# Rio Dove Load



## panhandler (Aug 1, 2013)

Academy on I-10 between Gessner and Bunker Hill has Rio Dove load from 6 to 8 shot on sale for $54.90 a case. Hell of a deal!!


----------



## [email protected] (May 24, 2004)

I'd recommend buying one box and patterning the load before buying a case.


----------



## Drundel (Feb 6, 2006)

So does the one on 45 in Webster. I've killed a lot of birds with those shells.


----------



## catfishinbeerdrinkin (May 3, 2011)

Rios seem pretty hot I like the 1 1/4 oz 7.5s


----------



## txdougman (Jul 12, 2005)

catfishinbeerdrinkin said:


> Rios seem pretty hot I like the 1 1/4 oz 7.5s


X2. 
TGHV3675. But you wont find them at Academy. $83.50/case in Huntsville.(Able's)


----------



## jimmiehammond (Feb 9, 2011)

$54 a case. 1oz number 8 shot. Academy in college station


----------



## catfishinbeerdrinkin (May 3, 2011)

$8.99 @ academy in victoria


----------



## catfishinbeerdrinkin (May 3, 2011)

Voodoo mojo doves also onsale there for $29.99 to bad I bought two when they were $39.99 darnit


----------



## Johnboat (Jun 7, 2004)

*Two different Rio loads.*

Cheapos are 1oz. Others are 1.25 oz. You get what you pay for.


----------



## Too Tall (May 21, 2004)

Rio makes a quality shell. I need to pick up a few more cases.


Johnboat said:


> Cheapos are 1oz. Others are 1.25 oz. You get what you pay for.

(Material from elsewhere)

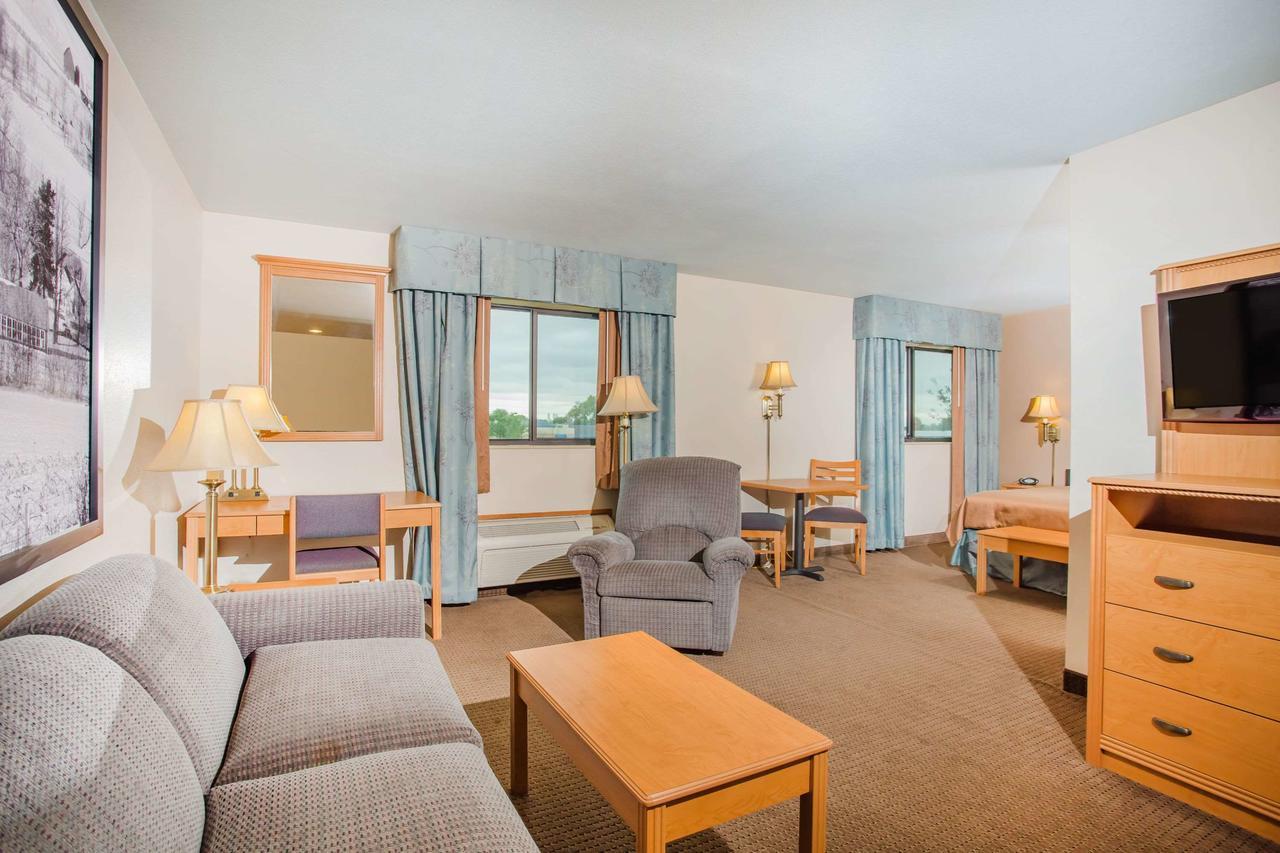 Super 8 By Wyndham Monroe Wi Hotell Eksteriør bilde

So you are saying the extra 10-15 bb's make it a better load? If you can't hit the target with 1oz you aren't going to hit it with 1 1/4oz.


----------



## UnclePoPo (Jun 4, 2013)

According to my sales add this Sunday, the $54 a case is their everyday low price.


----------



## catfishinbeerdrinkin (May 3, 2011)

Well the whitewings were shooting are really high flyers I'm not saying its a better load if I'm hunting a pond ya 1oz is great all day but the extra 11/4 oz just seems to knock em down a little better everyone has there own prefrence but yes those few extra pellets may count up that high


----------



## horned frog (Nov 9, 2008)

1/4 oz of #8 shot is over 100 pellets.

A few less in #7 1/2. Yep, it makes a difference.


----------



## catfishinbeerdrinkin (May 3, 2011)

Ok so I'm bored and got technical cut open a 1 1/4oz rio and a 1oz rio 449 bbs in the 1 1/4 and 351bbs in the 1oz and this is 7.5s so I'd say yesss the extra 98 pellets would knock the dove down at 40+ yards I was just curious not trying to be an ***


----------



## catfishinbeerdrinkin (May 3, 2011)

Haha almost forgot my pic 11/4 on right


----------



## lx22f/c (Jun 19, 2009)

catfishinbeerdrinkin said:


> Ok so I'm bored and got technical cut open a 1 1/4oz rio and a 1oz rio 449 bbs in the 1 1/4 and 351bbs in the 1oz and this is 7.5s so I'd say yesss the extra 98 pellets would knock the dove down at 40+ yards I was just curious not trying to be an ***


Dude you must be real bored to count all them pellets. Lol

Cast your burden on the Lord, and He shall sustain You;


----------



## catfishinbeerdrinkin (May 3, 2011)

Duck dynasty lost my interest lol so I said hell why not


----------



## nate56 (Dec 11, 2010)

Don't forget those 90 pellets will get there faster too...


----------



## catfishinbeerdrinkin (May 3, 2011)

Ohhhh well ya most definitely! :beer:


----------



## Capt. Marcus Canales (Aug 25, 2005)

catfishinbeerdrinkin said:


> Well the whitewings were shooting are really high flyers I'm not saying its a better load if I'm hunting a pond ya 1oz is great all day but the extra 11/4 oz just seems to knock em down a little better everyone has there own prefrence but yes those few extra pellets may count up that high


Switch to a full choke if they are flying that high, watch your lead and adjust from there. Cheers.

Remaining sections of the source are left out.